> **Task directions**
The data below should be restated word for word, with every picture omitted.

> **Given information**
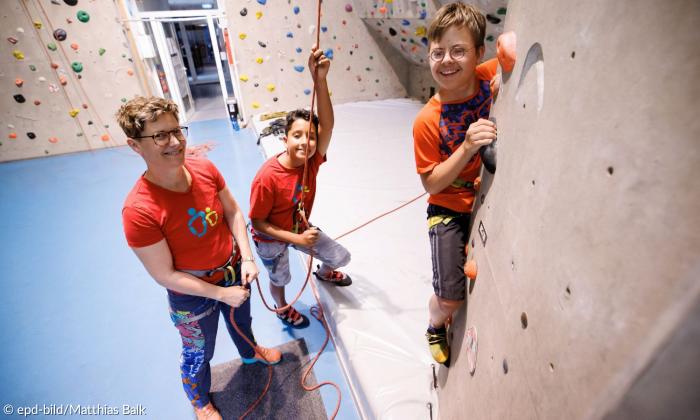 Eine Frau und zwei Kinder an der Kletterwand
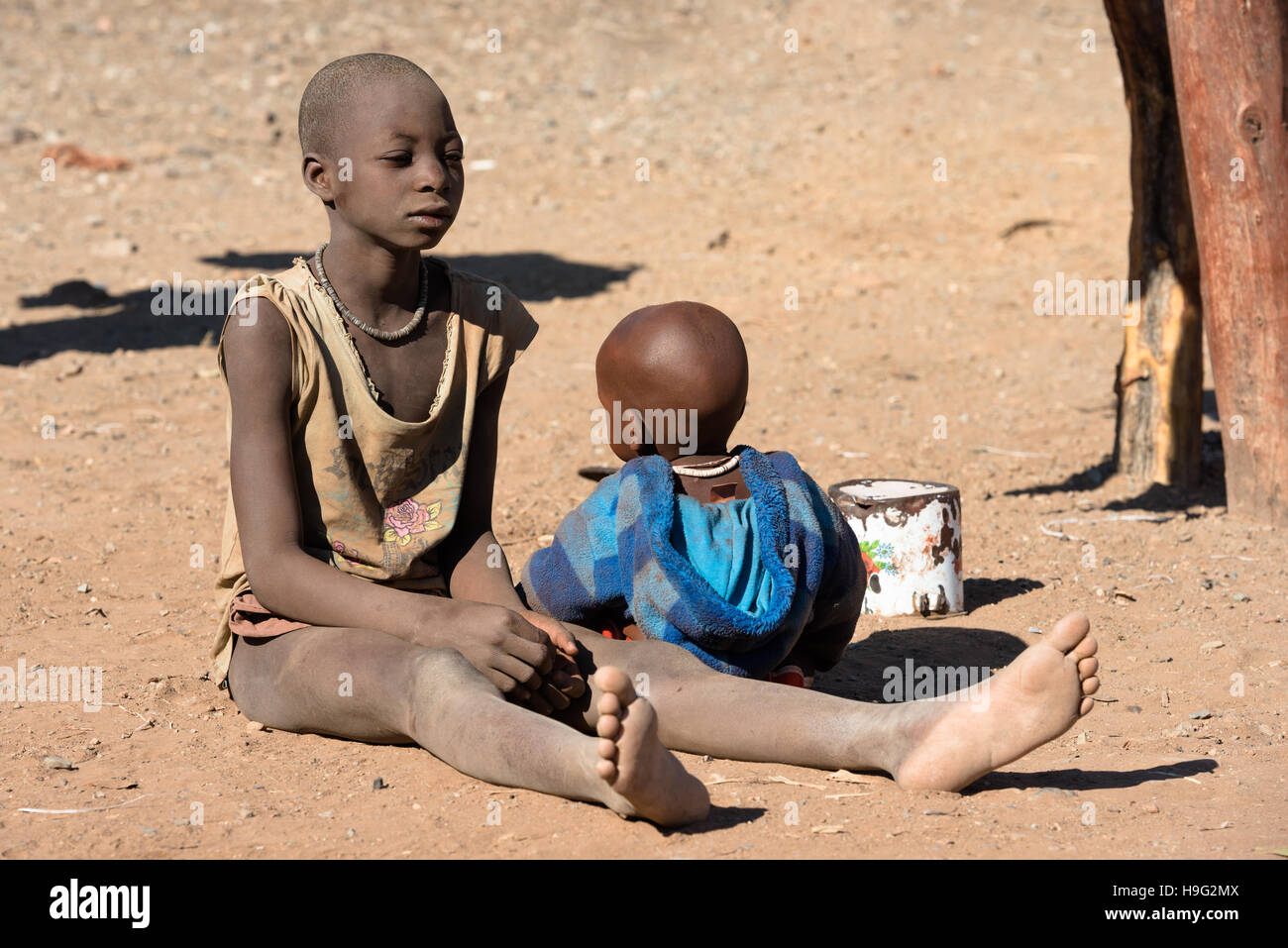 I bambini indigeni delle tribù Himba in abiti tradizionali stanno giocando nella sabbia al Kunene Regione della Namibia Foto Stock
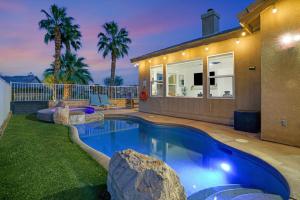 a swimming pool in front of a house at Indio Access Vacation Home in Indio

> **Solution for this problem**
 Eine Frau und zwei Kinder an der Kletterwand
 I bambini indigeni delle tribù Himba in abiti tradizionali stanno giocando nella sabbia al Kunene Regione della Namibia Foto Stock
 a swimming pool in front of a house at Indio Access Vacation Home in Indio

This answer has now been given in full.